Over the weekend, I spent some time helping out a friend with a new application they're building. They had just finished a big workflow story, and he wanted to get someone else to take a look and see if there was anything weird about the way the workflow ended up.
I found five bugs. Just plain "whoops it shouldn't do that" bugs. I also found seven places in which I had to ask for help figuring out the right thing to do. In each of those seven cases, the system was doing what the devs had intended it to do; there was no bug there. BUT there was training required.
Asking for an explanation is a smell.
We talk about code smells, and call things like long methods or excessive imports or even comments "smells". This is a usability smell. And just like a code smell, it's an indication that something isn't as apparent as it could be.

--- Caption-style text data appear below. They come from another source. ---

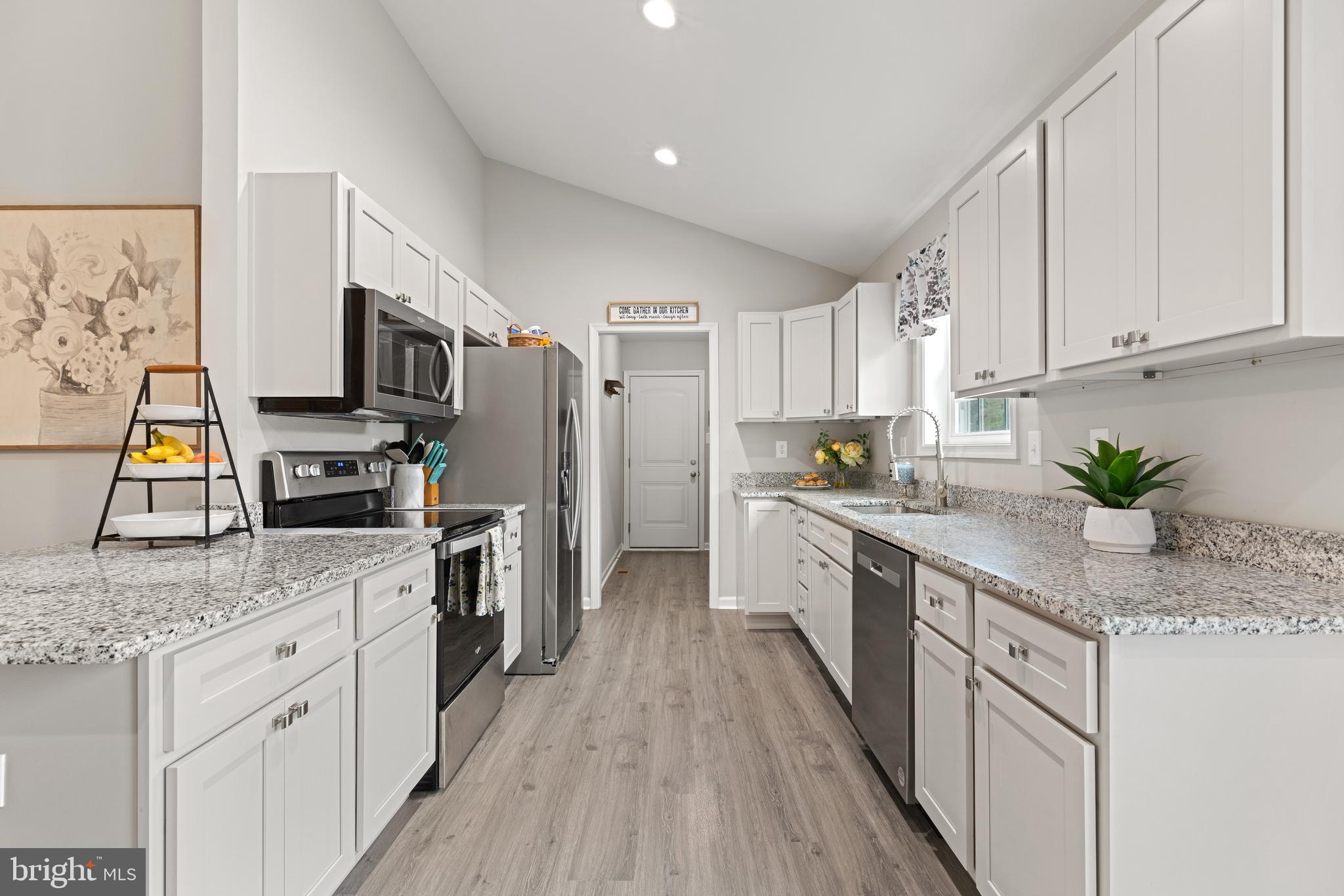 61 MDG Court Berkeley Springs, WV 25411 - Photo 32 of 47 a kitchen with granite countertop a sink cabinets stainless steel appliances and a counter space
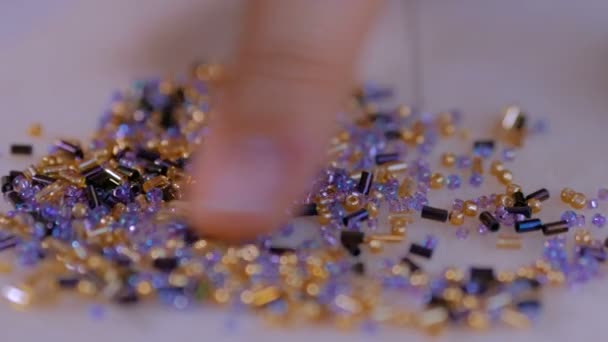 Woman hand sorts out colorful beads — Stock Video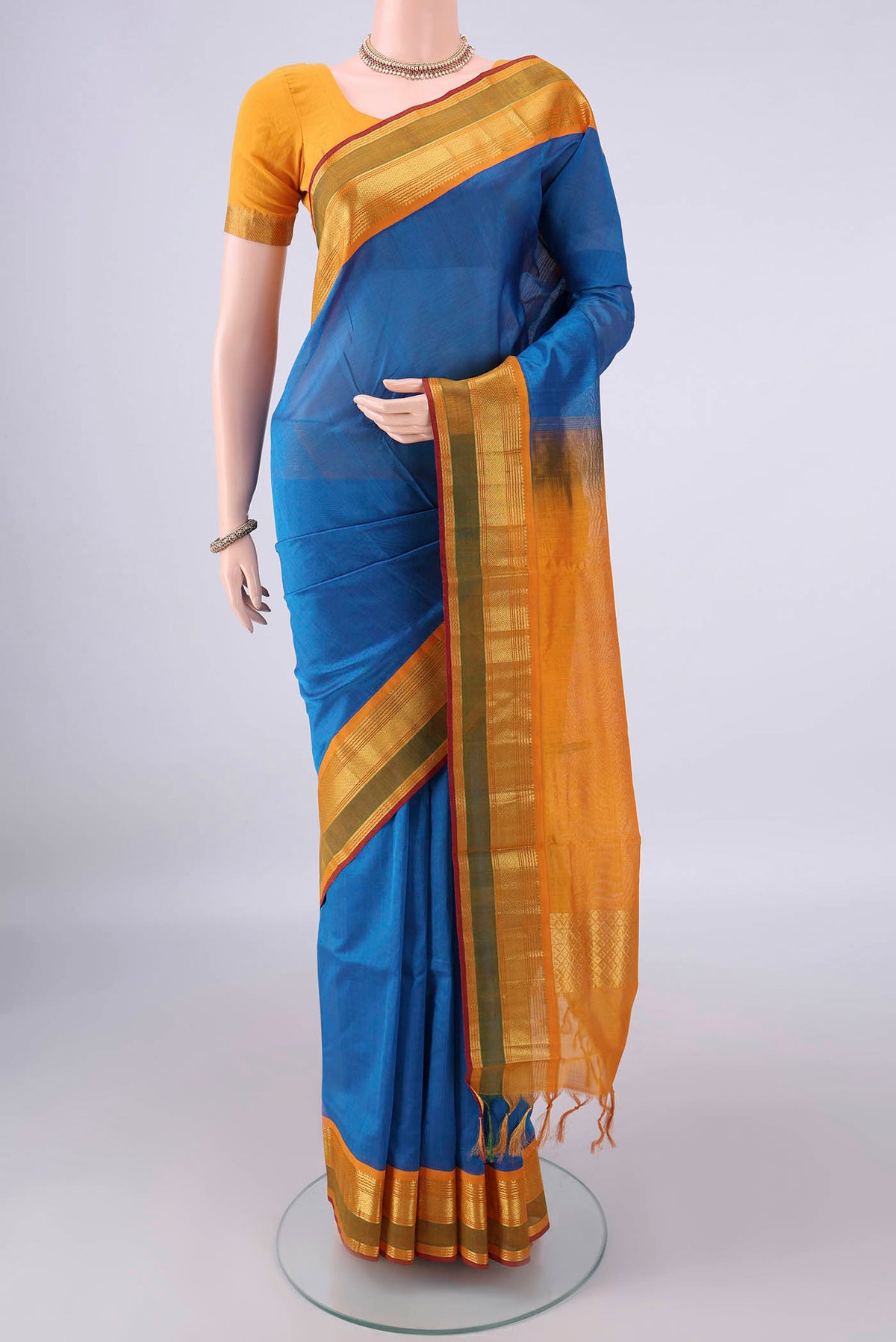 Blue Silk Cotton Saree with Plain Body and Zari Border.  displayed on a mannequin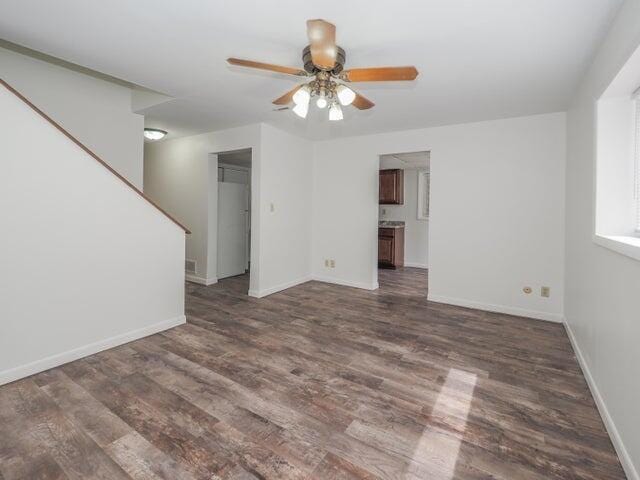 1516 Nazareth Rd, Kalamazoo, MI 49048 - spare room with ceiling fan, wood finished floors, and stairway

Sometimes we don't fix code smells. We know they're present, but we choose not to fix them, either because we don't have time, or because there are more important things to do. Sometimes we don't fix code smells because we're getting a lot of value out of the code as is and that is more important than the smell. The default behavior, though, is that we should fix code smells, and it takes a really good argument to change that.
The same should hold true for usability smells. If an explanation is required for the user to get through something, that's a usability smell. By default, we should fix usability smells. We should live with the smell only if there's a really good argument for NOT fixing the usability smell.
It's easy to get into fixing code smells; we all acknowledge that's just good coding habit. It's time to get into fixing usability smells.